Wednesday, December 23, 2020

FLEETWOOD MAC 1969-1974 (The Best Reissues And Box Sets Of 2020)

The Best Reissues And Box Sets Of 2020 

FLEETWOOD MAC
1969-1974

This box offers remastered versions of the seven studio albums Fleetwood Mac recorded during its formative period. There are some stone-cold classics here – the early blues-leaning, but not entirely blues-derived, Then Play On, featuring founding guitarist Peter Green, and the later ones, too, including Bare Trees and Heroes Are Hard To Find, which showcase guitarist and songwriter Bob Welch.
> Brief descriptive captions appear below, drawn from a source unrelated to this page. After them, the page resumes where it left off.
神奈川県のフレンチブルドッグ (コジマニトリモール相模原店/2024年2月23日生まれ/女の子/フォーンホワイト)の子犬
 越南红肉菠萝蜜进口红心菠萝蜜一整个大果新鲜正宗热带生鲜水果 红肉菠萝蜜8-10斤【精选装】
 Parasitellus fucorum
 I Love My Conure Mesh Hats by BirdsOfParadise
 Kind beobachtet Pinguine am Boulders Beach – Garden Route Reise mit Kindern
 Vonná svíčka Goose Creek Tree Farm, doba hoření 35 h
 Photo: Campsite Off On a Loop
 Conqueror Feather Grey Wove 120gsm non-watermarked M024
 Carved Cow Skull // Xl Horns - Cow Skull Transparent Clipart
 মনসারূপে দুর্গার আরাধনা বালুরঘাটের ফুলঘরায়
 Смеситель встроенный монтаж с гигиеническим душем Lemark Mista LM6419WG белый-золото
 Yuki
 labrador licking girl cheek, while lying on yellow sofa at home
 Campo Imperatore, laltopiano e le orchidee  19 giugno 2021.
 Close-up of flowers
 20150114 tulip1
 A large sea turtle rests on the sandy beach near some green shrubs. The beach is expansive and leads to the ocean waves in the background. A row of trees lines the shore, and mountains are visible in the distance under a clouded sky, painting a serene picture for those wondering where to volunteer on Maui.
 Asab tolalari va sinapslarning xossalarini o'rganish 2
That's not all the required listening however: There's also a curious radio set from December 1974, just before Welch left the band – that fateful change that led to the arrival of Stevie Nicks and Lindsay Buckingham and the hitmaking era that followed. In this "before" document, it's possible to hear all the stylistic evolutions of Fleetwood Mac swirling powerfully together: Starting with the incantory blues and whiplashing rhythm-section choreography of "Green Manalishi (With The Two Prong Crown)," the set includes a lovely and wistful rendering of Christine McVie's "Spare Me a Little," a wicked "Black Magic Woman" and Welch's "Hypnotized," which dissolves the concert in a dreamlike aura. It's a glimpse of an inventive, well-oiled band at an amazing moment, made just a bit more amazing when you discover it was one of only two FM performances in all of 1974.